When you do come in to work, your boss will know... The boss will know when you log in, what you type, what you access. Not just the boss but also your team. Internet technology makes working as a team, synchronized to a shared goal, easier and more productive than ever. But as in a three-legged-race, you'll instantly know when a teammate is struggling, because that will slow you down as well. Some people will embrace this new high-stress, high-speed, high-flexibility way of work. We'll go from a few days alone at home, maintaining the status quo, to urgent team sessions, sometimes in person, often online. It will make some people yearn for jobs like those in the old days, when we fought traffic, sat in a cube, typed memos, took a long lunch and then sat in traffic again.

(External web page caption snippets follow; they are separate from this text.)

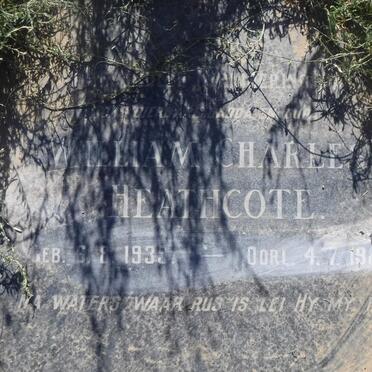 HEATHCOTE William Charles 1939-1988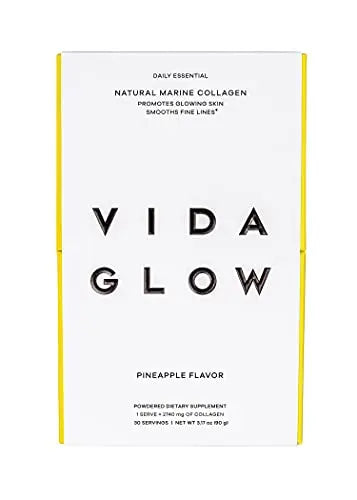 Vida Glow Marine Collagen Powder Sachets Pineapple Vida Glow Au supplements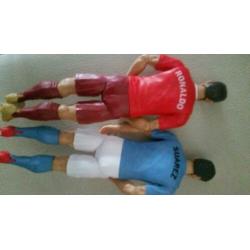 Voetbal actie figuren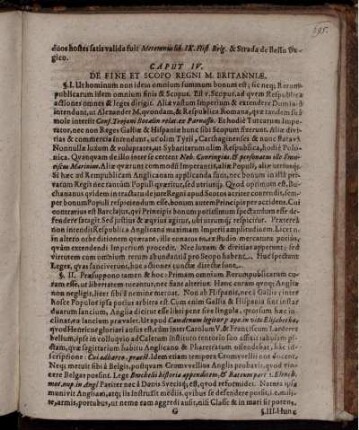 Caput IV. De Fine Et Scopo Regni M. Britanniae.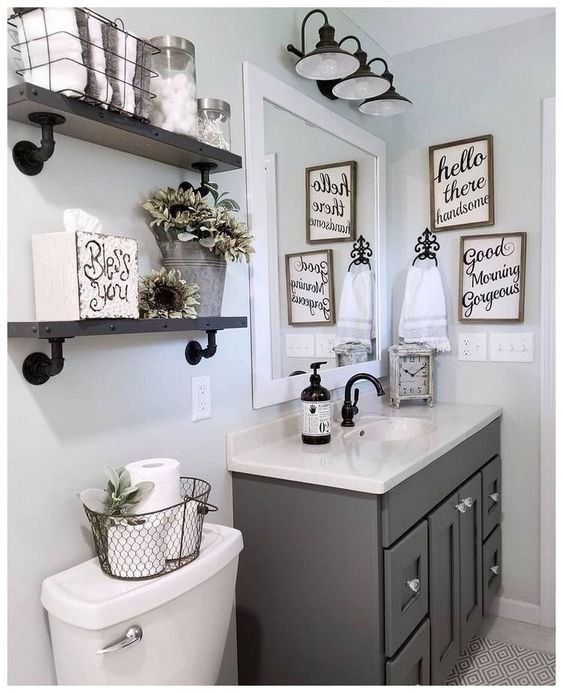 Guest Bathroom Makeover Ideas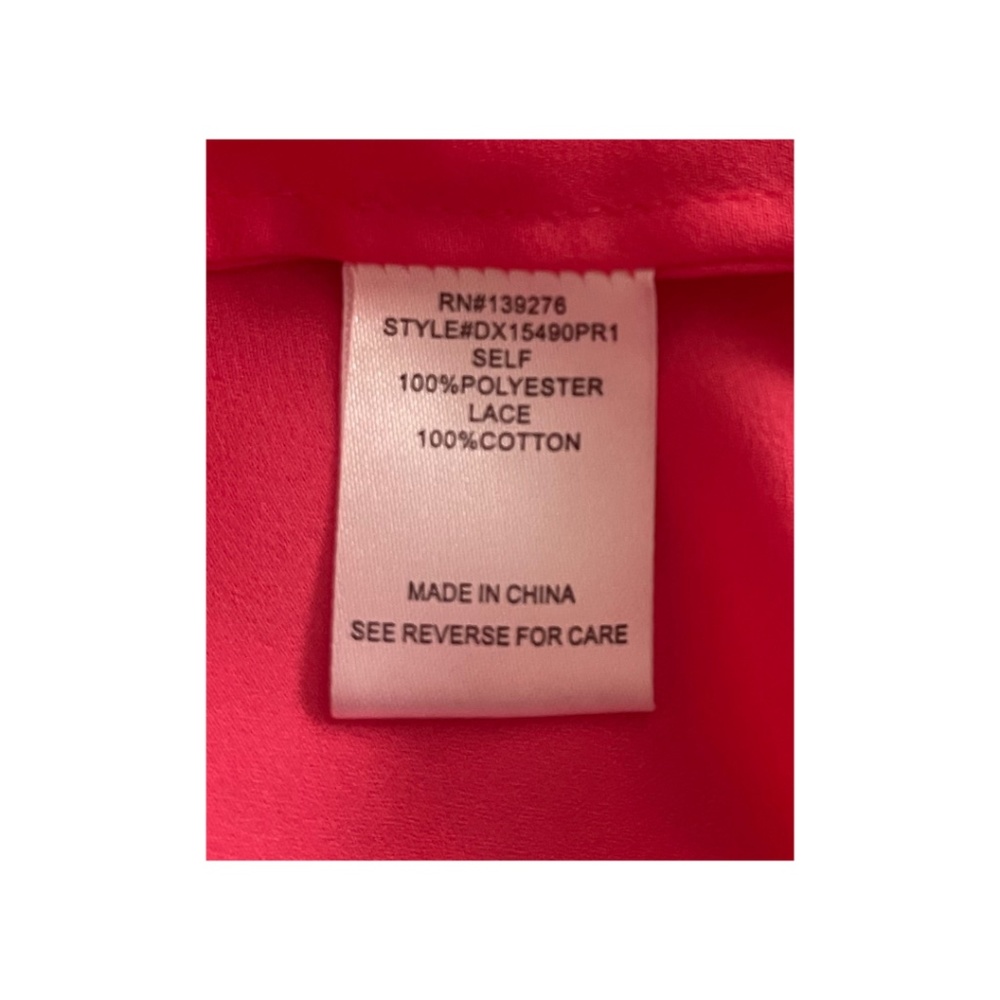 Daniel Rainn Flutter Sleeve Top With Crochet Lace… - image 5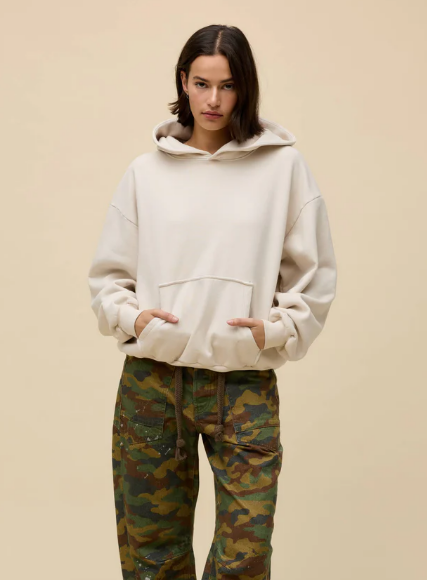 DAYDREAMER Solid Oversized Hoodie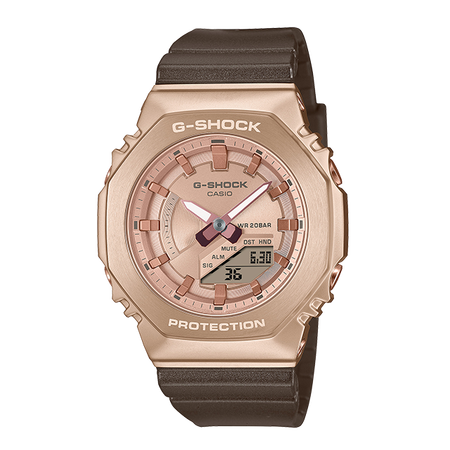 卡西欧手表 G-SHOCK "奢华旅行"主题 海滩度假风尚 金属表头 防水防震运动表款GM-S2100CB/CW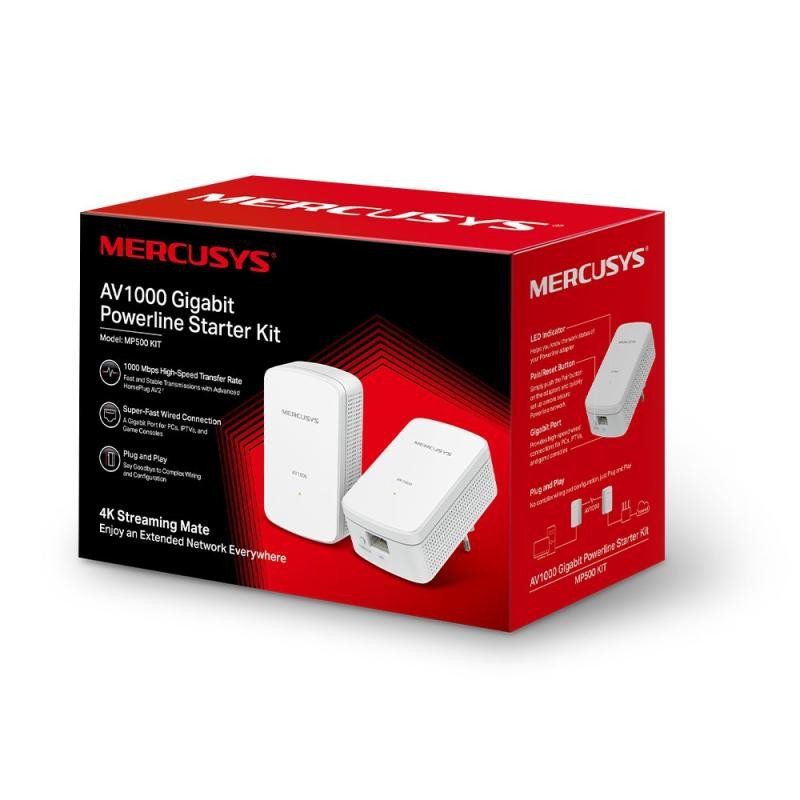 Mercusys MP500 ( Pack de 2 ) CPL *MP500 KIT – Image 4
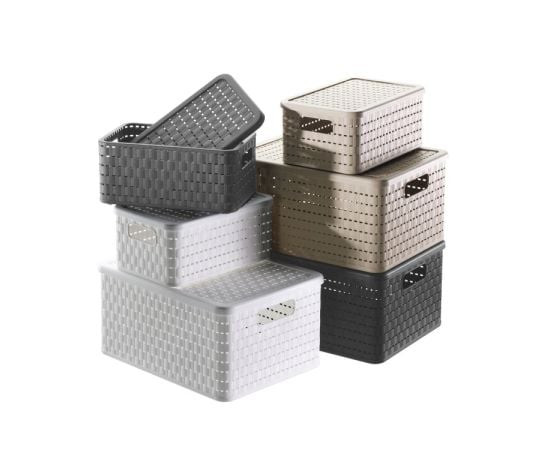 Storage basket Rotho 4L COUNTRY A6+ cappuccino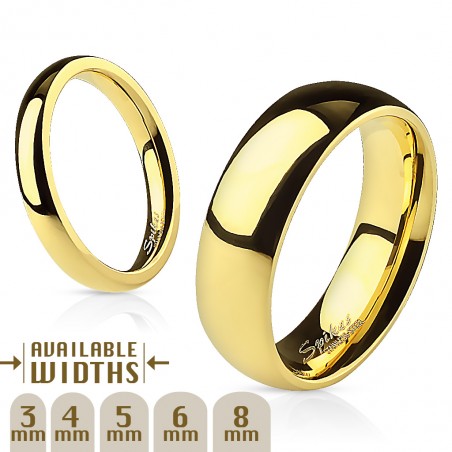 3mm Ring Bandring gold hochglanz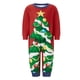 thumbnail image 2 of Pijamas navideños familiares a juego, conjunto de pijama con estampado de árbol de Navidad (camiseta y pantalón) para bebé/perro/perro/peluche)., 2 of 8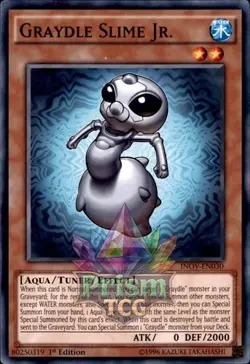 1st Ed Graydle Slime Jr. INOV-EN030 Yugioh - Image 1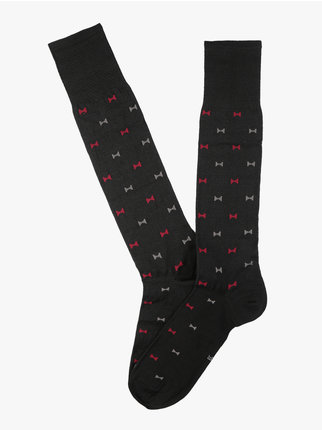 Long men's socks with print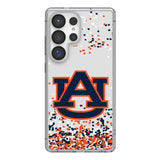 University of Auburn Tigers Confetti Clear Phone Case for Samsung Galaxy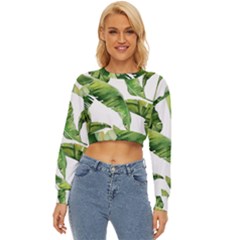 Sheets Tropical Plant Palm Summer Exotic Lightweight Long Sleeve Sweatshirt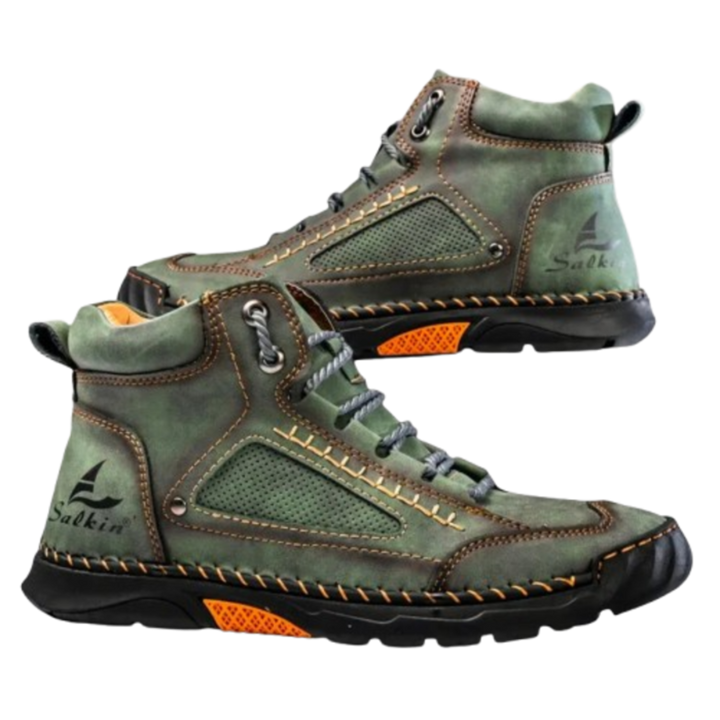 Savrani - Vysoké kožené boty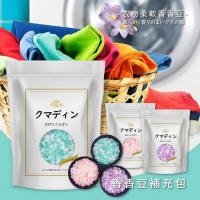 衣物柔軟香香豆補充包500g*2/一組2包/綠色-英國梨與小蒼蘭 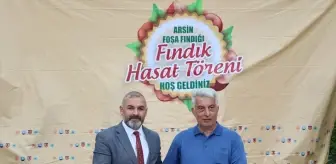 Arsin Foşa Fındığı Hasadı İçin Tören Düzenlendi
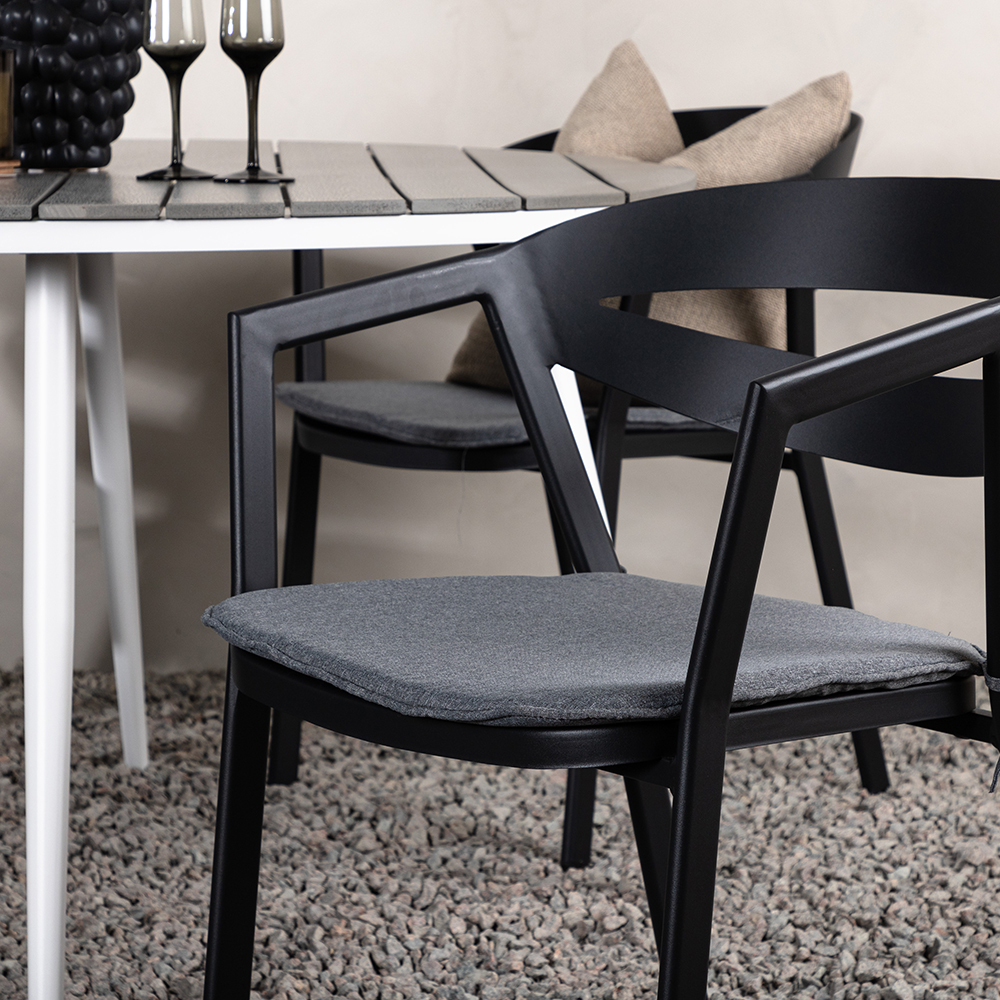 Matgrupp Venture Home Break Ø120 cm Rund Trädgårdsgrupp med 4 Stolar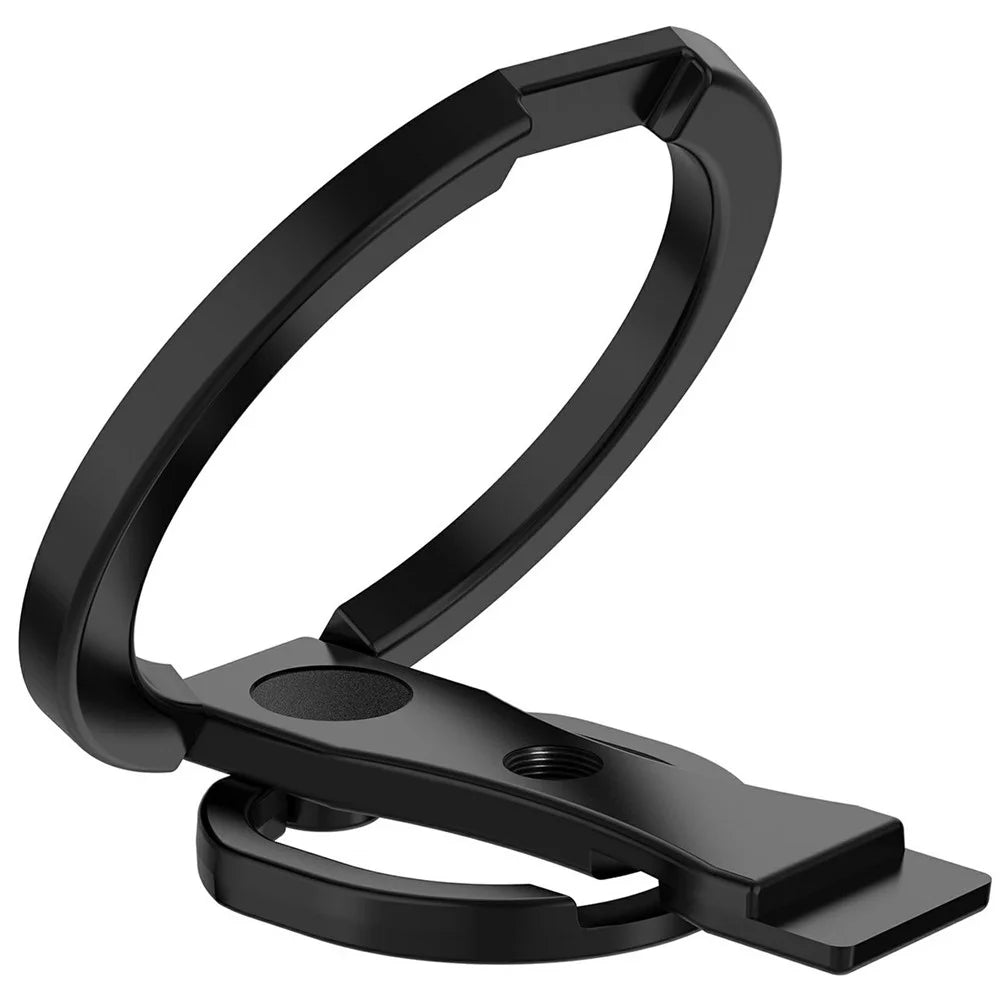 MS-01 Phone Ring Holder Magnetic Cell Phone Grip Finger Ring Kickstand - Black - 2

There are myriad examples of how teachers are using similar, yet scaled down, methodologies in classrooms today. Think of how we use collaborative technologies to help students work around busy schedules for group projects or for their own organization, and think about how hyper-connected we all have become via mobile technology. Godin's future is not a hard one to imagine, and one that will lead us in many directions. Let's apply Mr. Whitson's lens here: will it enhance our lives to do the majority of our work at home? or will it degrade from our inherent need to be social. Employers are seeing that the cost of bringing everyone together may not pay economically, but what about the social cost? Will we create elements of our society that can replace those spaces we used to work/socialize in--perhaps the rise of third places?
It feels good, Mr. Whitson, to look out upon what is told to me and wonder about its veracity. Now I just have to learn how to make it work in these new spaces.